2016-02-17 09:17:36 | All About おすすめ映画

『ナチュラル』(84)

野球は伝説に包まれたスポーツだ

 中年を過ぎてニューヨーク・ナイツに入団した“遅れてきたルーキー”ロイ・ハブス(ロバート・レッドフォード)。彼が手製のバット“ワンダーボーイ”で快打を連発します。一躍チームは優勝戦線に加わりますが、ハブスの過去にはある秘密が隠されていました。

 「ナチュラル」とは天性の才能のこと。ハブスのモデルは八百長事件に巻き込まれて球界を追われた実在の名選手“シューレス”・ジョー・ジャクソンです。彼は『フィールド・オブ・ドリームス』(89)にも登場しますが、「ナチュラル」というタイトルには、天賦の才を持ちながらキャリアの途中で選手生命を絶たれたジャクソンを惜しむ気持ちが込められています。

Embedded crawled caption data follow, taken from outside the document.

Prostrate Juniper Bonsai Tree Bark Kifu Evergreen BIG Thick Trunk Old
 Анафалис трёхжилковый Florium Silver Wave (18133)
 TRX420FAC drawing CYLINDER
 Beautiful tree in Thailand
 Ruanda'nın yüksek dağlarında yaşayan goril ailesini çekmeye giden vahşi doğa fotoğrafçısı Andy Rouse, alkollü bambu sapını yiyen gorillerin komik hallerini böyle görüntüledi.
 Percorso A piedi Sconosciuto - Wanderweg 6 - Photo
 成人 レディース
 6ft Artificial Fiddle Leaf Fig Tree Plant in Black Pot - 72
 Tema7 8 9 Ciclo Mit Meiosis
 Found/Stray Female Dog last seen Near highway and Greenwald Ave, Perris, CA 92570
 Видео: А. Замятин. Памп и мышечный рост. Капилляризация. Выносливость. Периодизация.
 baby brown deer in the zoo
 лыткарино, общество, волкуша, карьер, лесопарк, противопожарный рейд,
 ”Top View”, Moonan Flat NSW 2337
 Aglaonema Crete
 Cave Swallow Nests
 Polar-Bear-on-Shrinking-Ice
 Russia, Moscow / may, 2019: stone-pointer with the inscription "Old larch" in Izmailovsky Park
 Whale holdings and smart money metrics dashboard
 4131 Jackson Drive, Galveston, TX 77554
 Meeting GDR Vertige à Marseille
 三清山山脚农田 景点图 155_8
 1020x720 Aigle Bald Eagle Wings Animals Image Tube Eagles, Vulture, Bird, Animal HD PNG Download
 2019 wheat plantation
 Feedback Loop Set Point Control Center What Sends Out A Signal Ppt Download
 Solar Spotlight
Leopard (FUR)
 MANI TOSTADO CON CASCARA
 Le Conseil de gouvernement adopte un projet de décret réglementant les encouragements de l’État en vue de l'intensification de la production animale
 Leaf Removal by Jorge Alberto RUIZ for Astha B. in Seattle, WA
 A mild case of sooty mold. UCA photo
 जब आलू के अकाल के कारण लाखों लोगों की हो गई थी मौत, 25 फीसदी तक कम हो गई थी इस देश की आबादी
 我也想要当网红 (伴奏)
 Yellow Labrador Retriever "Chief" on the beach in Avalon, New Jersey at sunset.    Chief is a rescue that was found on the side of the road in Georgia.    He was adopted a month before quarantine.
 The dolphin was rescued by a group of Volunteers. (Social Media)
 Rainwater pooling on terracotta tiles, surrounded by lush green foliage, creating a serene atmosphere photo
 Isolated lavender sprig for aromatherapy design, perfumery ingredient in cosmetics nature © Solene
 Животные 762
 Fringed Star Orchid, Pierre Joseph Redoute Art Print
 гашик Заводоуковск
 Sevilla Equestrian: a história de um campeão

 バーナード・マラマッドの原作は、ハブスが破滅する悲劇で終わりますが、この映画の監督のバリー・レビンソンは「野球は伝説に包まれたスポーツだ」と考え、脚本のロジャー・タウンと共にハッピーエンドに変更しました。それ故この映画は、アメリカンドリームの達成を描く、壮大なほら話や伝説のヒーロー譚を復活させる先駆けとなりました。

 ランディ・ニューマンのジャズエイジ風の音楽、クラシカルな雰囲気を醸し出したキャレブ・デ・シャネルの撮影で1920年代の雰囲気を再現。学生時代は野球選手だったというレッドフォードの打撃フォームの美しさ、ゲームシーンのリアルさも相まって、ベースボール・ムービーの最高傑作となりました。

 ファーストシーンとラストシーンで、田園風景の中で行われる父と子のキャッチボールがこの映画のテーマを象徴します。アメリカ人にとって野球は単なるスポーツではなく、父から子へと継承すべき大切なものなのです。

 余談ですが、長嶋一茂はこの映画を見て、プロ入りを決意したそうです。